Consider a continuous periodic anisotropy $F(x,\nu)$ on the flat torus $$T = \mathbb{R}^n/\mathbb{Z}^n \times (\mathbb{R}^n\setminus\{0\})$$, which is one-homogeneous, convex in $\nu$, and uniformly elliptic. For a set of finite perimeter $E \subset \mathbb{R}^n$, and an open $A$, the anisotropic perimeter is defined by

$$E(E,A) = \int_{\partial^* E \cap A} F(x, \nu_E) \, d\mathcal{H}^{n-1}(x).$$

Under this setting, the stable norm $\phi:\mathbb{R}^n \rightarrow [0,\infty)$ is associated with the energy density per unit area in direction $p$ for "plane-like minimizers." The cell formula characterizes the stable norm variationally as

$\phi(p) = \min_{v \in BV(T)} \int_T F(x, p + Dv),$

defining a convex, one-homogeneous function. Equivalently, the stable norm can be expressed as the limit of rescaled energies of minimizers in cubes orthogonal to $p$,

$$\phi(p) = \lim_{R \to \infty} (\omega_{n-1}R^{n-1})^{-1} E(E, B_R),$$

where $E$ is a plane-like minimizer in direction $p$ (Chambolle et al., 2012).

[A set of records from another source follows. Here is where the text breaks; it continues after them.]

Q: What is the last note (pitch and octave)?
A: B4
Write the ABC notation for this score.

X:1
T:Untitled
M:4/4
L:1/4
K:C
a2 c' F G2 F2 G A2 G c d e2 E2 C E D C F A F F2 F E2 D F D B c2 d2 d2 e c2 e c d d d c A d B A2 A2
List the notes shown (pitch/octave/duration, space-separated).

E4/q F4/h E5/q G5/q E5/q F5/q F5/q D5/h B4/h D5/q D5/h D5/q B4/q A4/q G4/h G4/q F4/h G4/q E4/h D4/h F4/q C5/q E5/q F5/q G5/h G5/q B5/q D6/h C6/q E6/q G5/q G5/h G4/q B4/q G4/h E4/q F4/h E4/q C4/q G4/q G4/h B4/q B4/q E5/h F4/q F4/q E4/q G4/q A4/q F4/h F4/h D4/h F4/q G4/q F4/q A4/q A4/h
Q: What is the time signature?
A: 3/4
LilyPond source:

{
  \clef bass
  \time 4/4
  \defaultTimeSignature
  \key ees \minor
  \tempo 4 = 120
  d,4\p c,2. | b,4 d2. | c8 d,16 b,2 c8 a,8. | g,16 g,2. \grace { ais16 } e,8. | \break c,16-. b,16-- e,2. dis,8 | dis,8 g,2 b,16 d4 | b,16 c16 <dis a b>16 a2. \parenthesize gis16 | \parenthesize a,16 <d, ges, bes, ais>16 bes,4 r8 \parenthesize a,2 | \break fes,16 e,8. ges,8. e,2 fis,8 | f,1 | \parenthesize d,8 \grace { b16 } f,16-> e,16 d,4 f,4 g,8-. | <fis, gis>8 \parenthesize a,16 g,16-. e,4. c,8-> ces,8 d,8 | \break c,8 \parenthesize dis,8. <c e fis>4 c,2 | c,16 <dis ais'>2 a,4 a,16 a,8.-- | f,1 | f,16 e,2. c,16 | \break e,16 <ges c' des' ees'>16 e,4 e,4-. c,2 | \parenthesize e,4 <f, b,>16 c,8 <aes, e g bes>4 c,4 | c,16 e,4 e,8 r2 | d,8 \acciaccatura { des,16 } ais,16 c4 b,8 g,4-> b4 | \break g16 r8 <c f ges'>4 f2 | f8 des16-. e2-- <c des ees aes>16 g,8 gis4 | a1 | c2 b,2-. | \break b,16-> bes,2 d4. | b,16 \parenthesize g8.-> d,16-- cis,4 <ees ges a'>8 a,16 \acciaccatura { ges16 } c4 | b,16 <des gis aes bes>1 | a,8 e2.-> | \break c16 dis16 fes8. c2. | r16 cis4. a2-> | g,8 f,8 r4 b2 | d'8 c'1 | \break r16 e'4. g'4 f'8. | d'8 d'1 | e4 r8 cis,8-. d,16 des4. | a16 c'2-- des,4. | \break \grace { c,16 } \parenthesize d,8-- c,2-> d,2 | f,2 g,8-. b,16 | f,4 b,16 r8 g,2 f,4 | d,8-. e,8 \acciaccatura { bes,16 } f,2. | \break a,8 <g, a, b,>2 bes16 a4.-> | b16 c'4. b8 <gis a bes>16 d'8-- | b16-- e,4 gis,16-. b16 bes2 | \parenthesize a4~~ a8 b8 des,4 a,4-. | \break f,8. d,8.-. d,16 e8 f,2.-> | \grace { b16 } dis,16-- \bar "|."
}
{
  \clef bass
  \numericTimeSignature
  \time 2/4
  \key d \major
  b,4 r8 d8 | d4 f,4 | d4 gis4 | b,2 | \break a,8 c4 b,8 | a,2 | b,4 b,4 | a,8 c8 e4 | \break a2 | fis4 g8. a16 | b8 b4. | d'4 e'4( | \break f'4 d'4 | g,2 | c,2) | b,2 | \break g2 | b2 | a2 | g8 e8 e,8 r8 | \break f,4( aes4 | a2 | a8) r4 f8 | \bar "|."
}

In the nonlocal regime, the stable norm is constructed by taking the limit of normalized nonlocal energies of planelike minimizers in periodic media. For a kernel $K$ and periodic forcing $g$, and a planelike minimizer $E_p$, the stable norm is defined as

$$\phi(p) = \lim_{R \to \infty} R^{1-n} F(E_p, Q^p_R),$$

with $Q^p_R$ a cube orthogonal to $p$ (Dipierro et al., 13 Jan 2026).

2. Planelike Minimizers and Existence

A recurring concept in the construction of the stable norm is the existence of planelike minimizers. These minimizers are sets (or functions) whose interfaces or transition layers remain at a bounded distance from a reference hyperplane in a prescribed direction.

The existence theorem for planelike minimizers states that for every nonzero $p \in \mathbb{R}^n$, there exists a class-A minimizer $E$ such that

$$\{ x \cdot (p/|p|) > a+M \} \subset E \subset \{ x \cdot (p/|p|) > a - M \},$$

for some $M$ independent of $a$, and $\partial E$ is connected (Chambolle et al., 2012). In the nonlocal periodic setting, analogous results ensure that for each $p$ and for sufficiently small periodic forcing, there are minimizers whose boundary is constrained within a constant-width slab orthogonal to $p$ (Dipierro et al., 13 Jan 2026, Cesaroni et al., 2017, Cozzi et al., 2018, Cozzi et al., 2015, Cozzi et al., 2016).

Plane-like minimizers are constructed via constrained minimization in finite slabs, limiting procedures, and compactness, often coupled with Birkhoff ordering-type arguments to control oscillations and ensure existence for both rational and irrational directions.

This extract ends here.